Show HN: Run TRELLIS.2 Image-to-3D generation natively on Apple Silicon

Posted by shivampkumar 1 day ago

19734Original

I ported Microsoft's TRELLIS.2 (4B parameter image-to-3D model) to run on Apple Silicon via PyTorch MPS. The original requires CUDA with flash_attn, nvdiffrast, and custom sparse convolution kernels: none of which work on Mac.

I replaced the CUDA-specific ops with pure-PyTorch alternatives: a gather-scatter sparse 3D convolution, SDPA attention for sparse transformers, and a Python-based mesh extraction replacing CUDA hashmap operations. Total changes are a few hundred lines across 9 files.

Generates ~400K vertex meshes from single photos in about 3.5 minutes on M4 Pro (24GB). Not as fast as H100 (where it takes seconds), but it works offline with no cloud dependency.

https://github.com/shivampkumar/trellis-mac

Comments

Comment by sebakubisz 1 day ago

This is the kind of porting work I always hope for when I see a CUDA-only release. Have you thought about publishing the gather-scatter sparse 3D convolution and SDPA attention swaps as a standalone toolkit or writeup? A lot of folks running models locally on Apple Silicon hit the same wall with flash_attn, nvdiffrast, and custom sparse kernels and end up redoing the same work.

Comment by shivampkumar 1 day ago

that makes so much sense...I am exploring if I can find someone who has done this well...If not I'll try to do it myself.

Comment by sergiopreira 1 day ago

Most 'runs on Mac' ports are a wrapper around a cloud call or a quantized shell of the original model. Going after the CUDA-specific kernels with pure-PyTorch alternatives is the kind of work that ages well, because the next CUDA-locked research release is three weeks away. One question: how much of the gather-scatter sparse conv is reusable for other TRELLIS-like architectures, or is it bespoke to this one?
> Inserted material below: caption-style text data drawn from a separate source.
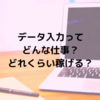 【在宅ワーク】データ入力ってどんな仕事？どれくらい稼げる？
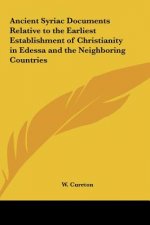 Ancient Syriac Documents Relative to the Earliest Establishment of Christianity in Edessa and the Neighboring Countries
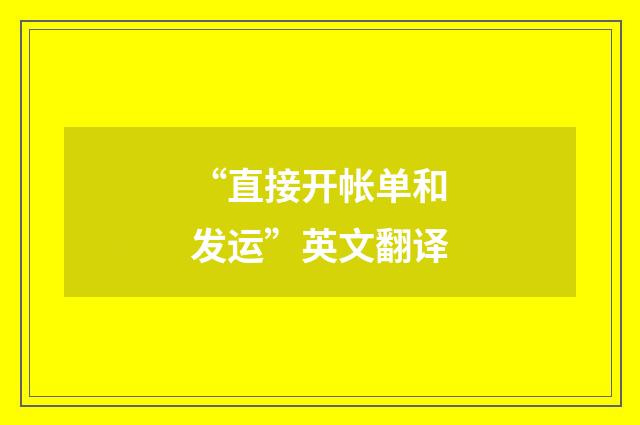 “直接开帐单和发运”英文翻译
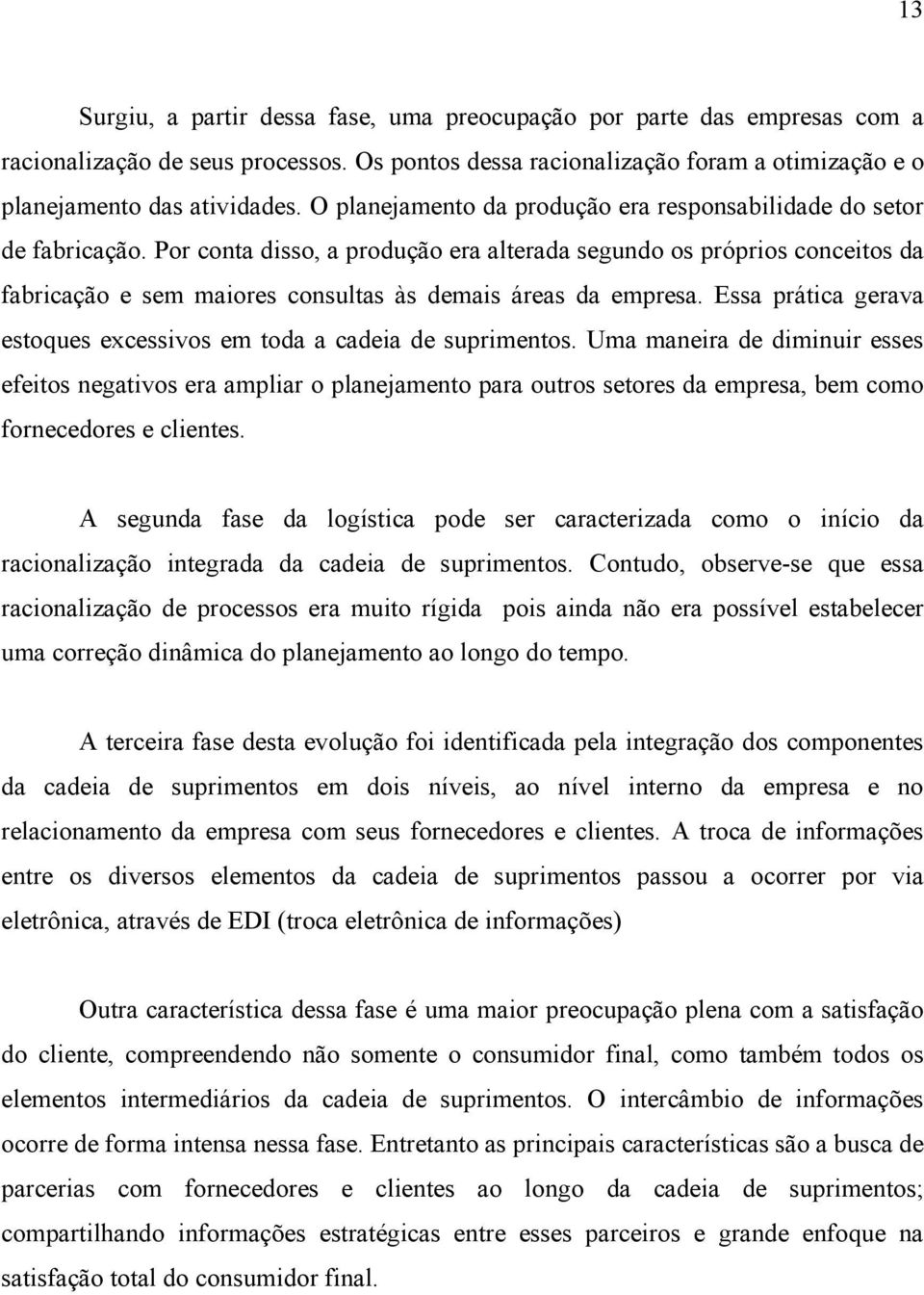 Por conta disso, a produção era alterada segundo os próprios conceitos da fabricação e sem maiores consultas às demais áreas da empresa.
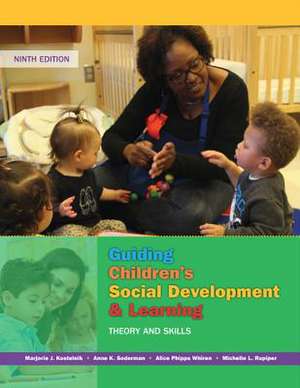 Guiding Children's Social Development and Learning de Marjorie Kostelnik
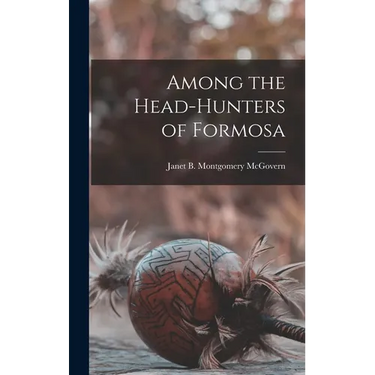 Among the Head-hunters of Formosa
Comment by gondar 1 day ago

Nice work. Although this model is not very good, I tried a lot of different image-to-3d models, the one from meshy.ai is the best, trellis is in the useless tier, really hope there could be some good open source models in this domain.
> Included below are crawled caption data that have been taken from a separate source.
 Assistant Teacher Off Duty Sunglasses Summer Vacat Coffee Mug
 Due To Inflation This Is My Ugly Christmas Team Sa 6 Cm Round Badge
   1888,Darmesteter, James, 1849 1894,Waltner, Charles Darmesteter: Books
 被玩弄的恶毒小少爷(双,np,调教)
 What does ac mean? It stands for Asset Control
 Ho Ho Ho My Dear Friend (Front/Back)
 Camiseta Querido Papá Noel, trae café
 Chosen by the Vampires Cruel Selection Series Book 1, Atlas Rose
Comment by shivampkumar 1 day ago

Hey, thanks for sharing this. I'm sure TRELLIS.2 definitely has room to improve, especially on texturing.

From what I've seen personally, and community benchmarks, it does fair on geometry and visual fidelity among open-source options, but I agree it's not perfect for every use case.

Meshy is solid, I used it to print my girlfriend a mini 3d model of her on her birthday last year!

Though worth noting it's a paid service, and free tier has usage limitations while TRELLIS.2 is MIT licensed with unlimited local generation. Different tradeoffs for different workflows. Hopefully the open-source side keeps improving.

Comment by isoprophlex 1 day ago

Meshy is indeed great but I am terminally put off by their alltogether terrible, sleazy, gamified, opaque web UI. It's like aliexpress and a lootbox game had a baby that's into mesh generation. Ugh.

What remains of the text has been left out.